TO a girl who had never been further than Keighley, Joan Chandler’s first posting as a young nurse might as well have been the Moon.

Aged 17, Joan was sent to Singapore, to work at the British Military Hospital. It was 1959 and she had completed two years SEN training at St John’s Hospital in Keighley.

Singapore was a long way from Ingrow Mill, which was where Joan would have been had her father had his way.

“I was expected to go from school to the mill, like my older sister and brothers had,” says Joan. “When I was at school I want to be a nun or a nurse. I was accepted into a convent in Whitby but my father wouldn’t let me go.
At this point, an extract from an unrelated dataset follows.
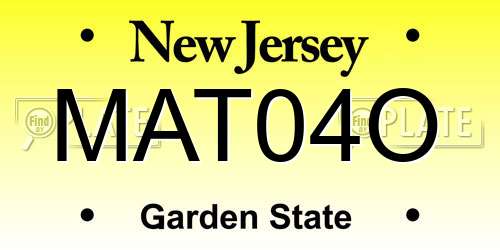 MAT04O New Jersey License Plate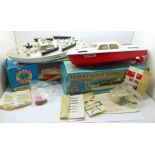 Two Scalex clockwork boats, Cruiser and Torpedo, both with boxes, accessories, manuals, decals and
“I reluctantly agreed to work at the mill for a year. After that I put my foot down and said I was going to be a nurse. In those days you obeyed your father, but I was determined. It was many years later that I realised he was proud of me.”

Born in 1943, Joan grew up in Haworth and left school at 15. “Nursing was a calling; I just wanted to care for people,” she says. “Working in the mill was smelly, dirty and noisy. I did horrible jobs in nursing too, but it was what I wanted to do.”

Joan joined the Queen Alexandra’s Royal Army Nursing Corps and was sent to Singapore to treat soldiers in the Malayan Emergency (1948-60). Malaya was a British colony, occupied by the Japanese during the Second World War. It later returned to British rule but in 1948 a Malayan Communist revolt led to a guerrilla conflict, eventually won by British and Commonwealth forces. British soldiers sent to fight included young men on National Service.

Joan worked in what was known as the Alexandra Hospital, the principal hospital in the Far East for British troops. She arrived in Singapore towards the end of the Malayan Emergency, when there were still many casualties. “Men were brought in with horrific injuries, many had lost limbs,” recalls Joan. “We had an ‘ice cold room’, treating injured limbs with ice so they didn’t fester.”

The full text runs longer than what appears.